Prior to the experiences with which I have been presented this summer, I would likely have greeted initial failure at some particular task as an indicator of incompetence. However, it is with a renewed desire to perform genuinely progressive research that I can honestly say that not only does such initial failure come with the territory- it is a critical step in the formative stages of both a person and a product. I have come to greet obstacles as opportunities for learning and advancement rather than begrudging them their very existence. Such an obstacle has reared its head this week and, given that attempting to rectify it has been the focus of most of the work performed on this project as of late, I will attempt here to depict it as clearly as possible.
It was only when combing through the code to add in comments and begin to clean it up (a critical step in ensuring that the code is generalizable, maintainable, and as clearly comprehensible as possible) that I discovered this rather critical issue.

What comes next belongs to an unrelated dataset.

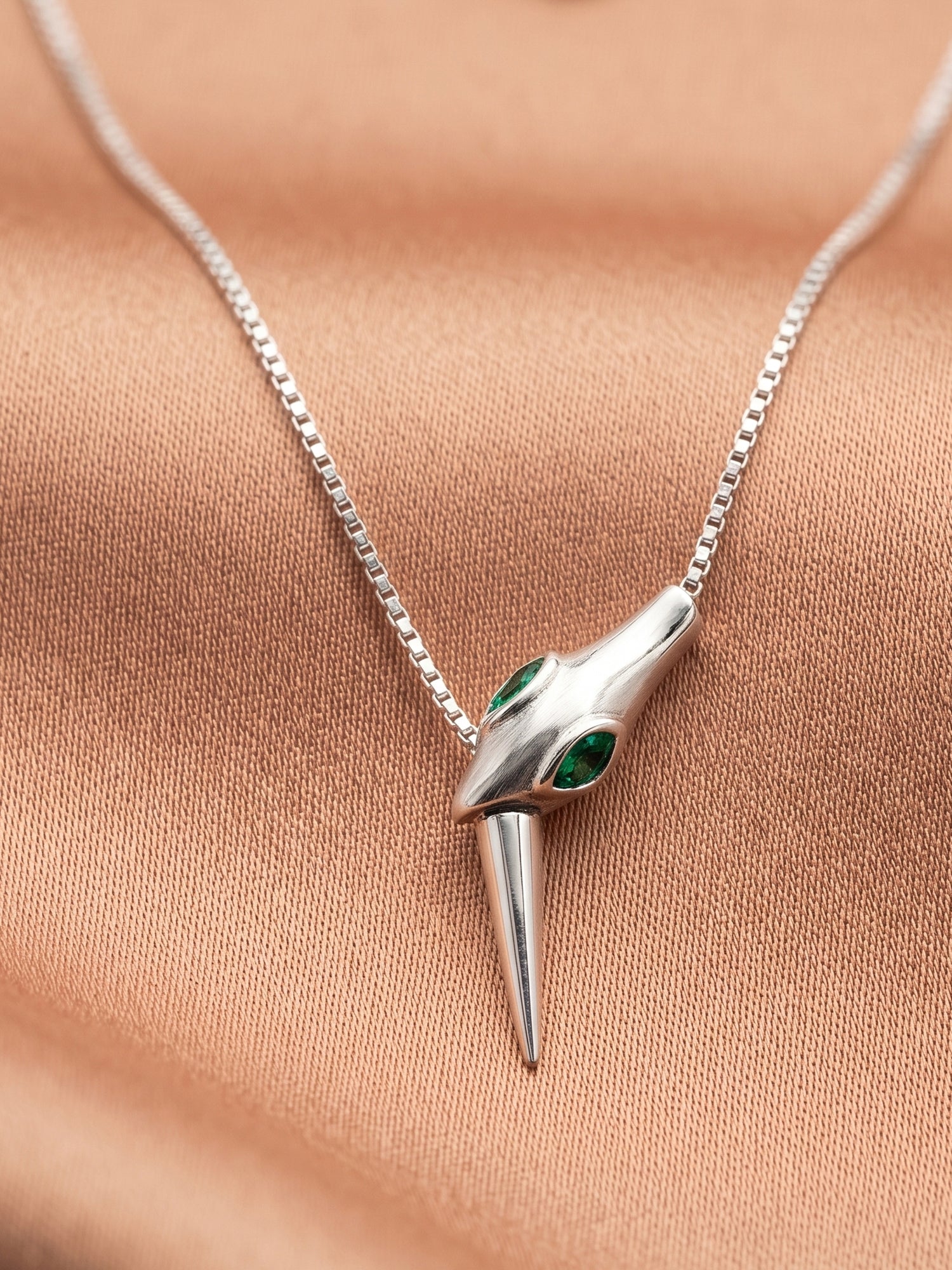 Silver Serpentine Talon Pendant Necklace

As elaborated upon initially in my last point, the flawed iteration of the code utilizes TensorFlow’s tensor concatenation method (tf.concat) to concatenate tensors, thereby expanding the network by concatenating smaller tensors to form larger ones that are the size of the post-expansion network weights and biases to which they respectively correspond. However, TensorFlow returns a new tensor when it concatenates two tensors to form a single, larger one. The issue that results from this is that any modifications to that larger tensor that results from the concatenation… do NOT modify the individual tensors of which that larger tensor is comprised. An example of such a modification would be the sort that occurs when training a neural network on a given task. I thought I had accounted for this issue… until I dug further into the code of the existing implementation of Deepmind’s EWC algorithm (see my Week 1 post for more details on that) that serves as the starting point upon which our project’s code is built.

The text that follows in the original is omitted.